> **EXERCISE OBJECTIVE**
Everything in the records below goes into the copy exactly, except the pictures.

MATERIAL FOR THE TASK below:

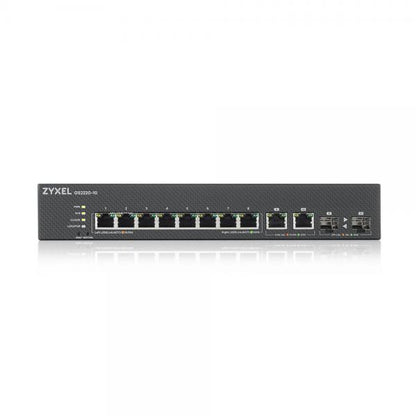 ZYXEL SWITCH MANAGED LAYER 3 LITE, 8X GB, 2X SFP, FANLESS DESKTOP/RACK, NFLEX [GS2220-10-EU0101F]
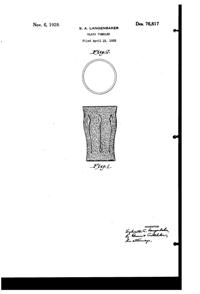 MacBeth-Evans Tumbler Design Patent D 76817-1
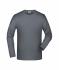 Men Elastic-T Long-Sleeved Mid-grey 7228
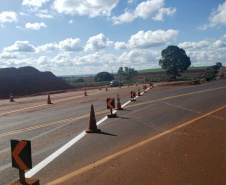 Duplicação da PR-323 em Doutor Camargo tem liberação parcial de nova pista 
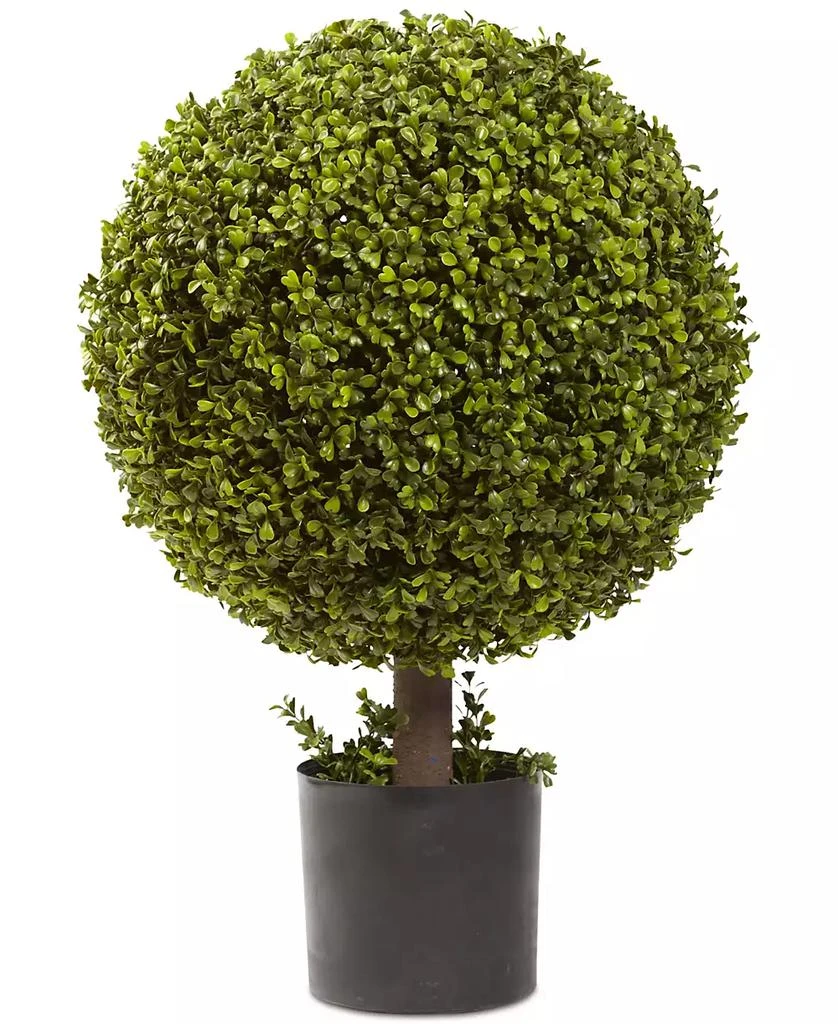 商品NEARLY NATURAL|27" Boxwood Ball Topiary Artificial Plant,价格¥1272,第1张图片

End of MATERIAL FOR THE TASK.

> **OUTPUT OF THE EXERCISE**
 ZYXEL SWITCH MANAGED LAYER 3 LITE, 8X GB, 2X SFP, FANLESS DESKTOP/RACK, NFLEX [GS2220-10-EU0101F]
 MacBeth-Evans Tumbler Design Patent D 76817-1
 Men Elastic-T Long-Sleeved Mid-grey 7228
 Duplicação da PR-323 em Doutor Camargo tem liberação parcial de nova pista 
 商品NEARLY NATURAL|27" Boxwood Ball Topiary Artificial Plant,价格¥1272,第1张图片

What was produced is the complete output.